As for Hegel’s critique of Kant, it may be a big one, but it’s of fairly minimal importance for the issue now under discussion. Whether one accepts an unbridgeable gap between noumena and phenomena, or dissolves this very distinction, it’s still always the same damn two ingredients, and humans are always somewhere in the picture. That’s what needs to be gotten rid of via a general metaphysics of relations.

“In any case, it doesn’t take much to reject philosophical positions, as is clear from this thread, indeed one can usually easily get away with a quick change of attitude or a simple ‘So-and-so is wrong’ and move on.”

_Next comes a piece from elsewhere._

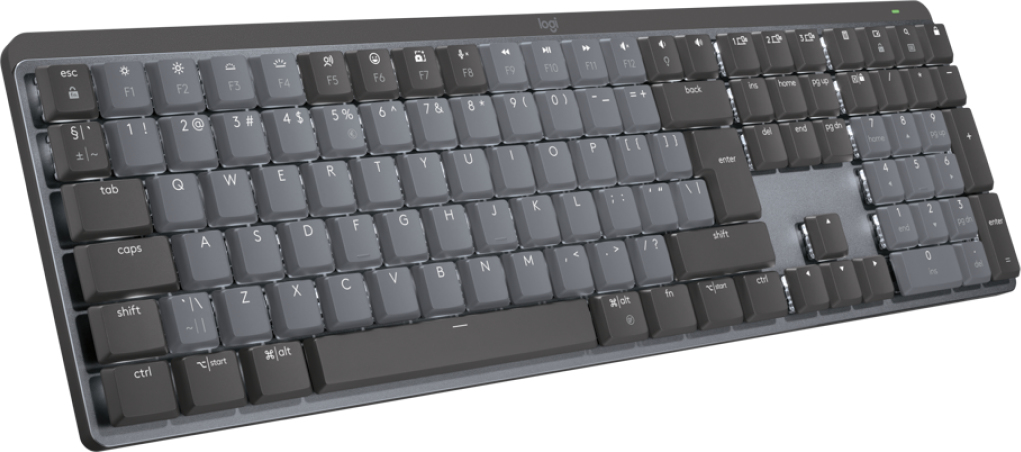 A sleek dark gray wireless keyboard with backlit keys and a numeric keypad, viewed from an angled perspective.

If only it were that easy. We are probably trapped in hundreds of assumptions about how philosophy must be done, and this is why the history of philosophy isn’t over yet, and why philosophy isn’t just a matter of commenting on books already written. A handful of authors will still appear from nowhere and shock the hell out of us. I can think of a few living authors who have performed that service for me already, and there will be others, or the profession will die.
You seem to be implying that a 700-page point-by-point refutation of Kant is the only way to go. I disagree. It is possible to adopt a different option rather quickly, if with a great deal of preparation time, and at the end of the day one gets judged primarily by how well the alternative works. Whitehead put it best: “past systems of philosophy are not refuted, they are abandoned.”
It probably boils down to a question of how claustrophobic one feels within the available analytic/continental models. When I open my eyes and look at the landscape, I see a basically dismal series of permutations concerning the human/world gap, the overcoming of this gap, or the denial of this gap. But always, it’s the same stupid human/world pair– the same Dual Monarchy. The fact that Kant gives profound reasons in favor of this model does not mean that the human race is obliged to follow him for the next 30,000 years.